Reduce the volume of agent questions I get asked - freeing up time work on consultant questions.
It’s always difficult to set SMART goals for a new initiative such as this, however, we set ourselves the goal of the bot answering 500+ sales reps questions per month, which equates to five questions per month, per sales rep.
It’s fair to say we’ve been delighted with the results. The bot answers (well) over 500 questions per month from HubSpot sales reps in EMEA. Importantly, that’s 500+ questions that would have needed to be answered by a human (either myself or a colleague).
Using some back of a napkin math you can begin to quantify the impact and benefit of the bot. For example, if each question a sales reps asks would take five minutes to respond to (research suggests that the true number is 20+ minutes, especially, once you factor in the time to regain concentration and flow), then you can begin to see how the efficiencies quickly add up.
Now don’t get me wrong, I still do answer sales reps questions, but there’s been a significant change in the type of questions that bubble up to me - sales reps now ask for recommendations, coaching and advice, rather than links, sales decks and case studies. Candidly, recommendations, coaching and advice are much higher value activities and the right place for me to invest my time.
Not only is the bot making me more productive, but the bot is providing sales reps with answers to their questions immediately. The bot is making me more efficient and freeing up sales rep time, so they can focus on doing what they do best, which is high value tasks like speaking and meeting with prospects.
What the bot can and can’t do
It’s fair to say there’s much hype around bots at the moment, but the reality is humans, from the Industrial Revolution onwards have systematically sought out ways to eliminate manual tasks via automation - and the rise of bots is just the latest incarnation of that trend. In a sales and marketing context we should consider bots an enabling technology that will replace parts of, rather than entire jobs. For the moment, bots are a time saver, rather than true value creator.
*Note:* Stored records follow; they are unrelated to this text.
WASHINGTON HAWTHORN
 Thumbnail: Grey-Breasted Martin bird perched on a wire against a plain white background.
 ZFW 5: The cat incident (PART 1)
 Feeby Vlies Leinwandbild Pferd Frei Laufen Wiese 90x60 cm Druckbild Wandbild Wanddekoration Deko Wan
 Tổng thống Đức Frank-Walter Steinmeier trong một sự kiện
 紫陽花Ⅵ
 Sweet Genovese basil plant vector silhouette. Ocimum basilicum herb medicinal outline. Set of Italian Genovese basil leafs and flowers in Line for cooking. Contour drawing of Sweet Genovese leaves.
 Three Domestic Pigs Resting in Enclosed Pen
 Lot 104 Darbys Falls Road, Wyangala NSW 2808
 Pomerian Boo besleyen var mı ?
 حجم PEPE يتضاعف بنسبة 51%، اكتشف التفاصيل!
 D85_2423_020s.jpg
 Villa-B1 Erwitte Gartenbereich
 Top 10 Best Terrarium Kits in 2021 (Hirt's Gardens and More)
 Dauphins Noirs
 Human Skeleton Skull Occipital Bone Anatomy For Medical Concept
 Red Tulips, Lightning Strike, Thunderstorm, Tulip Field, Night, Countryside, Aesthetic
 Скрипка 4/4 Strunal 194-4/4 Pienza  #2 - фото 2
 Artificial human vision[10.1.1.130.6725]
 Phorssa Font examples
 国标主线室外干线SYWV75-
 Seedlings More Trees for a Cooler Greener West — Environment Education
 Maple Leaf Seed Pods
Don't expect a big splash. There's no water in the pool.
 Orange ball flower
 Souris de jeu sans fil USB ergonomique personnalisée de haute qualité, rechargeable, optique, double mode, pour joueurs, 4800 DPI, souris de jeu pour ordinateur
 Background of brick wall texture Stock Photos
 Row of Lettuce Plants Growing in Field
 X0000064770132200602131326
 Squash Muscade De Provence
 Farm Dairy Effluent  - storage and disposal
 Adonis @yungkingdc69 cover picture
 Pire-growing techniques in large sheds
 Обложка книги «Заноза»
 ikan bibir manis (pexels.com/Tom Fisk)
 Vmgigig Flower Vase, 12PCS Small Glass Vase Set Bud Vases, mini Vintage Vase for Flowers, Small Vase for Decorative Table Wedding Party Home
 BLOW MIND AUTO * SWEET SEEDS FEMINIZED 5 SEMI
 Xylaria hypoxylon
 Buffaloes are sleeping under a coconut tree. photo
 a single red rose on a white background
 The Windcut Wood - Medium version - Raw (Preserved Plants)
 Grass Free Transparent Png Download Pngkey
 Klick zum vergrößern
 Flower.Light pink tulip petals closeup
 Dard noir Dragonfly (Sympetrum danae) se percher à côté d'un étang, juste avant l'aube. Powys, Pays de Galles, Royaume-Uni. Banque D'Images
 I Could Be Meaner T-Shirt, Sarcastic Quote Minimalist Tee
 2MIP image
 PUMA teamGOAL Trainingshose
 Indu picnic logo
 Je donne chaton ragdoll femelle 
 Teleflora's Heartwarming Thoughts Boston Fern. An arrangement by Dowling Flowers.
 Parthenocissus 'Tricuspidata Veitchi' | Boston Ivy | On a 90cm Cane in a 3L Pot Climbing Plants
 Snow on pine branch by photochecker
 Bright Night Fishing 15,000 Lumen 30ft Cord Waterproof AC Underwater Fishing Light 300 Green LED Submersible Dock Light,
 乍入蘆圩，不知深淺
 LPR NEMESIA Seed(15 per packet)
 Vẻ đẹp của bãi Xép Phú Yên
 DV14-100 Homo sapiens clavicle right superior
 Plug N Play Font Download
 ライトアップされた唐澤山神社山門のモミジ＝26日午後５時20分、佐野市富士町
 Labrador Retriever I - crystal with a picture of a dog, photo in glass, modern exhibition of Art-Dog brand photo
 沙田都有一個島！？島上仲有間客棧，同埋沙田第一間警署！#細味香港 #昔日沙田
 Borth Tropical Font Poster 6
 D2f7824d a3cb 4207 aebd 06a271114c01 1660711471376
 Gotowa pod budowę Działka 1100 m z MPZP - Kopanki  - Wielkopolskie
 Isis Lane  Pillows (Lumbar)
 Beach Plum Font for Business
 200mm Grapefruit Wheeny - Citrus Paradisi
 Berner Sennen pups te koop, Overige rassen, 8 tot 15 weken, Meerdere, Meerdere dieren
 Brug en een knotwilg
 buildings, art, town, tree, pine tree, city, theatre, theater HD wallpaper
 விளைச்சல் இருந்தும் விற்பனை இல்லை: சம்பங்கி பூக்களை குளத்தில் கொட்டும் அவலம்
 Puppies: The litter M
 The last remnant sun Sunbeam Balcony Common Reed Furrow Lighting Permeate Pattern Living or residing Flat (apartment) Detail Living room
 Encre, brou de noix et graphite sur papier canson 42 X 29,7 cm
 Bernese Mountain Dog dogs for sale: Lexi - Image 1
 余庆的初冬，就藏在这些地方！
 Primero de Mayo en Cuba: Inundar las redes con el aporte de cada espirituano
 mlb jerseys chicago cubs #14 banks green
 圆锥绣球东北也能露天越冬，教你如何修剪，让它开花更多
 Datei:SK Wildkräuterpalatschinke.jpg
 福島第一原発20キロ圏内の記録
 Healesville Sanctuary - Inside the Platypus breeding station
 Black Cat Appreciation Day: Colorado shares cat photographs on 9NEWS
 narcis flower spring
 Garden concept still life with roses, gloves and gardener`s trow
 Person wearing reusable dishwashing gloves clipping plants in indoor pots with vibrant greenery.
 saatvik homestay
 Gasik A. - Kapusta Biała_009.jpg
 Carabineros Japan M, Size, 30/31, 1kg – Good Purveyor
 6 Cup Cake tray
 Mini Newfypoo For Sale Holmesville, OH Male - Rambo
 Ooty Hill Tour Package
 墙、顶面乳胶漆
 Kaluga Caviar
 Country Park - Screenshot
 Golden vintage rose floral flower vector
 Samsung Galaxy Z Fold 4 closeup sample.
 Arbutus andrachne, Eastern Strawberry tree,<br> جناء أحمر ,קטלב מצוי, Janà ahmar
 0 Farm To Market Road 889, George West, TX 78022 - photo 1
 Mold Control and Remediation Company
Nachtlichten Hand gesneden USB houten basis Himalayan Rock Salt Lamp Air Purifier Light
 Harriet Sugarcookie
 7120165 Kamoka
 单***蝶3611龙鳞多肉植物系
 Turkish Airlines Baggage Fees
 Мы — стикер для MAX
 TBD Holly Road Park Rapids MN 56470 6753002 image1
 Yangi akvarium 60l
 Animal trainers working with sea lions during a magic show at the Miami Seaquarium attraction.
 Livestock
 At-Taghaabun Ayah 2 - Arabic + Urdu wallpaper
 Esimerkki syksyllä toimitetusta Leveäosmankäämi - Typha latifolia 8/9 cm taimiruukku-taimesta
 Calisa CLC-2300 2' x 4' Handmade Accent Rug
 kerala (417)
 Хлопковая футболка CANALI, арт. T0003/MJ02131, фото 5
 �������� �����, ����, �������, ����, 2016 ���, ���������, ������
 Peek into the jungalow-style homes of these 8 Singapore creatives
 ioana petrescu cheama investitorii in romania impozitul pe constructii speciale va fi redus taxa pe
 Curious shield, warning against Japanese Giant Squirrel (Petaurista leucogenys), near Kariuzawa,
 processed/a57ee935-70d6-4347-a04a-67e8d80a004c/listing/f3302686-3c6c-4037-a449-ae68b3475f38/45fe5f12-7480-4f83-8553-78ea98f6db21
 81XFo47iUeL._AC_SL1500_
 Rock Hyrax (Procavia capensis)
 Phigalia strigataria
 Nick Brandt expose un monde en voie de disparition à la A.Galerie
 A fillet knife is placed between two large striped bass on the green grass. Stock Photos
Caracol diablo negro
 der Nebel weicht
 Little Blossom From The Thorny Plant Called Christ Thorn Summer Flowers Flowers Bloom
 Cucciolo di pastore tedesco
The bot that I built directs sales reps to the right place. It works by “signposting” sales reps to places that answer their questions. However, there’s lots the bot does not do. It’s by no means comprehensive and certainly doesn’t have every use or edge case covered, but it does answer the majority of agent-type questions I’m asked. I have continued to iterate on the bot since its launch and plan to add more functionality in the future.
Looking ahead, I’d love to see the bot evolve from something that is essentially reactive to become proactive and predictive. Currently a sales reps inputs a question and it outputs a response. This is somewhat rudimentary, and while it hints at the future power of bots, it clearly has its limitations.
The next step is to leverage artificial intelligence and machine learning so that the bot can proactively make suggestions. The future bot won’t wait for a sales reps to come to it with a question or problem - instead, the bot will proactively reach out with a recommendation. At a high level, making the move from tools which are reactive to those which are dynamic, proactive and learn is how we’ll create more value for the sales organisation and business.
I’m truly passionate about bots and the promise of this new technology, but while there’s a lot to look forward and ideas to be dreamt up, we need to realise that we’re still in the first act of bots and what’s possible. This is exactly what makes sales enablement exciting and the reason I work in this emerging field - we get the opportunity to create a small part of the future and think about just what might be possible in the sales industry.